I think as you see our results that we'll report for the three reportable segments, in 2014, my expectation is that you'll see margin expansion in small business, consumer tax, and in the pro tax category.
We're not going to get more specific than that right now, and we don't want to be -- pin ourselves down too much in case we see additional opportunities.
But if we put our guidance together, as we think about our plans for 2014, we see opportunity to grow revenue and our operating income faster than revenue, really, in all three big segments.
We'll wait and see how the year plays out, but that's our expectation at this point.
- Analyst
Okay.
And in terms of -- in light of the margin impact that you guys saw with that Demandforce acquisition, and your plan to be more acquisitive, does that really impact on how big of an acquisition that you could make going forward?
- CFO
That's a great question, and thank you for giving me the opportunity to expand on my prior answer.
We're not solving for margin percentage, necessarily, at the expense of growth.
If we saw a great opportunity like Demandforce, we'd be very excited about that.
And I think we would focus more on the growth in customers and the growth in revenue on the top line, and feel comfortable about our ability to manage the margin impacts over time.
So I wouldn't -- I don't see our margin goals or our margin guidance to be a restraint or a barrier at all to top line growth.

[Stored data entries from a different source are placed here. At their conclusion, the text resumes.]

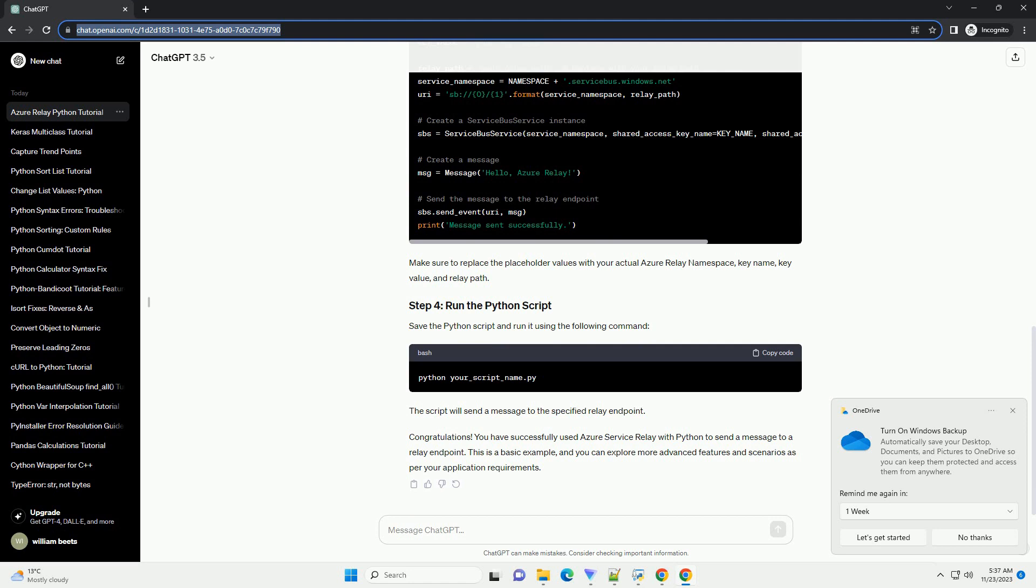Congratulations! You have successfully used Azure Service Relay with Python to send a message to a relay endpoint. This is a basic example, and you can explore more advanced features and scenarios as per your application requirements.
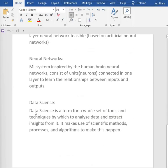First we have data science. Data science is a term for a whole set of techniques by which to analyze data and extract information or insights from it. It makes use of scientific methods, processes, and algorithms to make this happen.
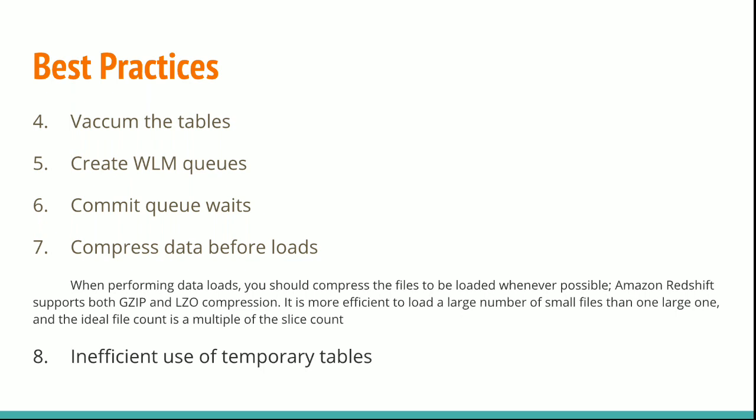Create WLM queues. Commit queue waits. Compress data before loading.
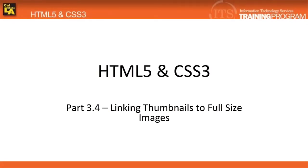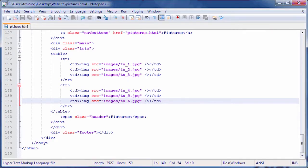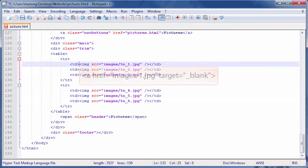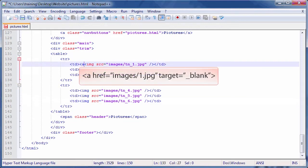In this video, we'll link our thumbnails to our original images for full-size viewing. Click in between the opening TD tag and the image tag in the first row. Then, type the HTML code seen on screen.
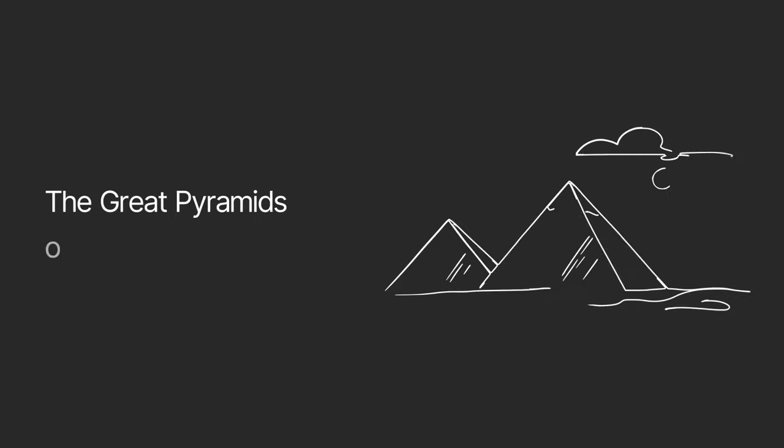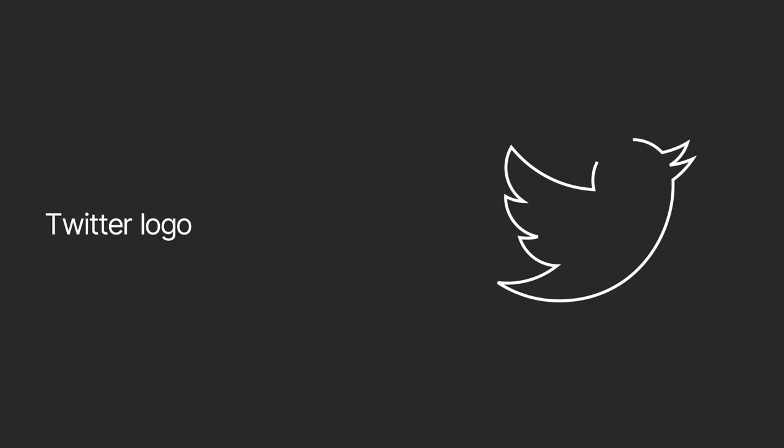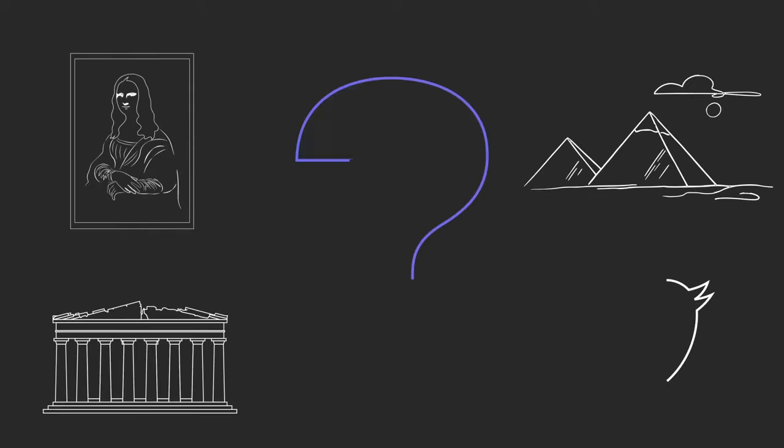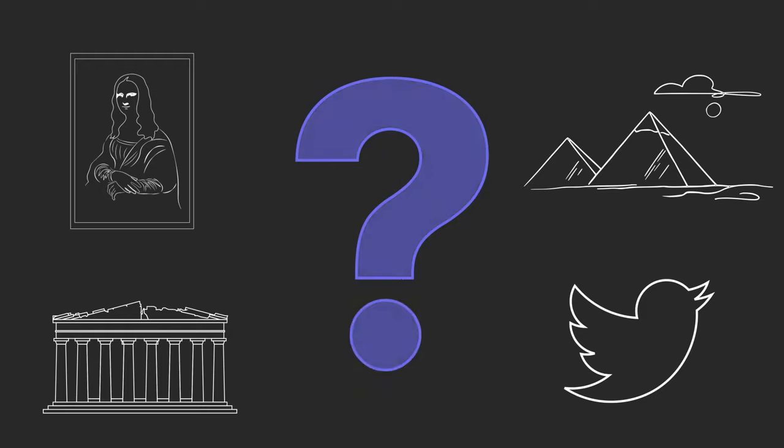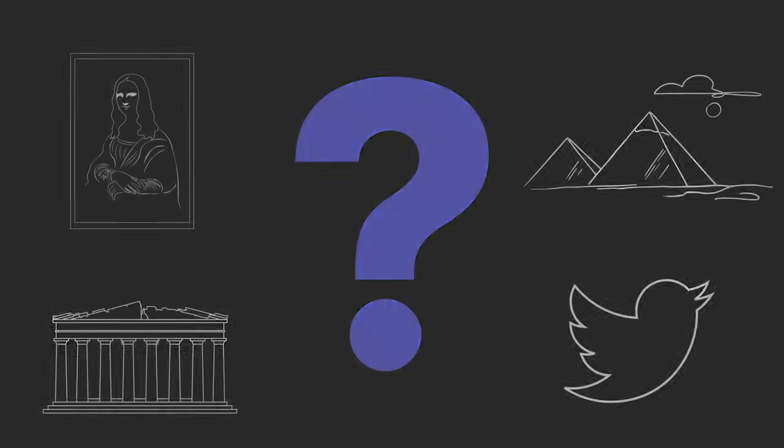The world of design and art may seem like open, creative endeavors, but they may not be as spontaneous as they appear. What do famous creations like the Mona Lisa, the Great Pyramids of Giza, the Parthenon, and Twitter's logo have in common?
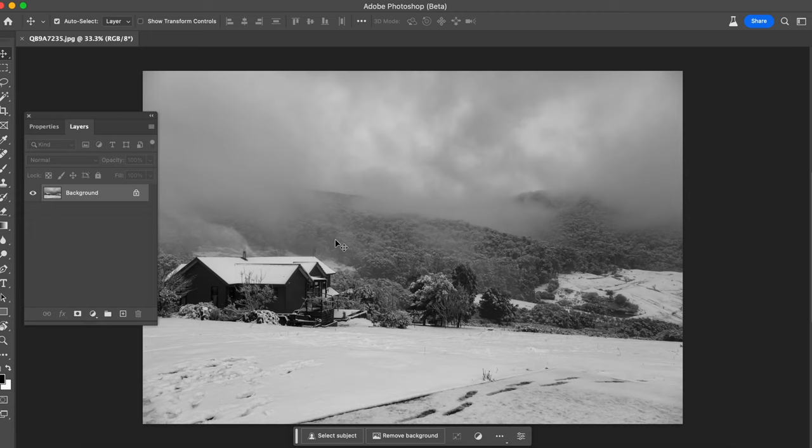Welcome to another Photoshop video. Here I wanted to showcase to you this new amazing AI tool that Photoshop is going to release.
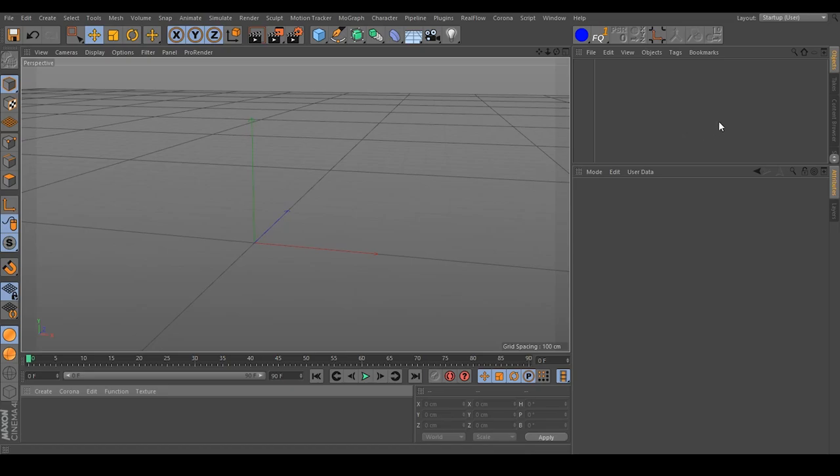Hello and welcome! My name is Daniel from 3D Tutorial and in this video I will show you how to rig a bouncing ball in Cinema 4D.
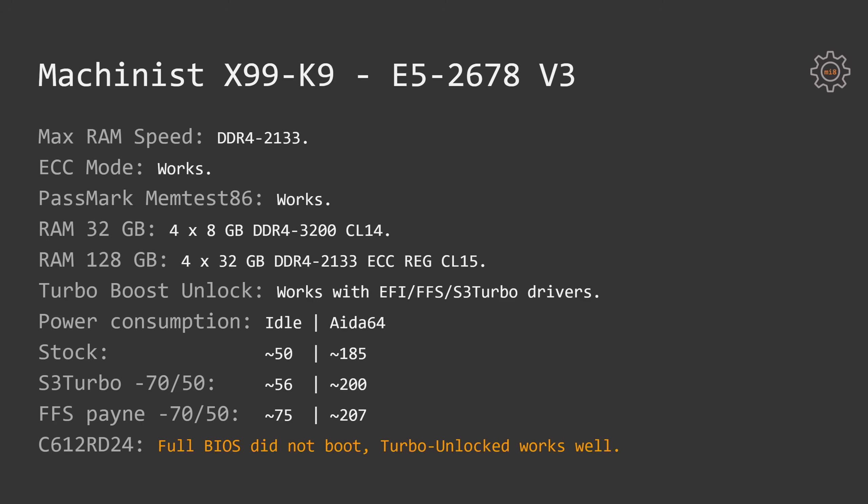The previous old TurboBoost unlock method with the FFS drivers injected into the DXE region consumes around 76 Watt at idle, which is significantly more than 50 Watt with the stock configuration, and about 207 Watt when loaded with AIDA64 stress test.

And if we saw a big opportunity to accelerate on that side, we would clearly prioritize customer growth and top line growth.
We can get margin expansion.
We're pretty comfortable with that.
- Analyst
Okay.
Great.
Operator
And I'm showing no further questions at this time.
Would you like to close with any additional remarks?
- President & CEO
Yes, I sure would, Sayid.
Gang, we really appreciate everyone's time today and the thoughtful questions.
We realize there's been a lot of moving parts this past quarter, and this past year.
And I hope that we helped sort through some of those answers today.
I do want to encourage you, at the risk of being redundant, to try to make every effort to attend our investor day on September 24.
This is going to is going to be a little bit different.
We plan to show you how it all fits together with some of the changes we've just gone through, and we also plan to share some meaningful news.
So hopefully we'll see you at investor day on September 24.
And with that, I hope everybody has a great remainder of the season.
Operator
Ladies and gentlemen, thank you for participating in today's conference call.
This concludes our program.
You may all disconnect, and have a wonderful day.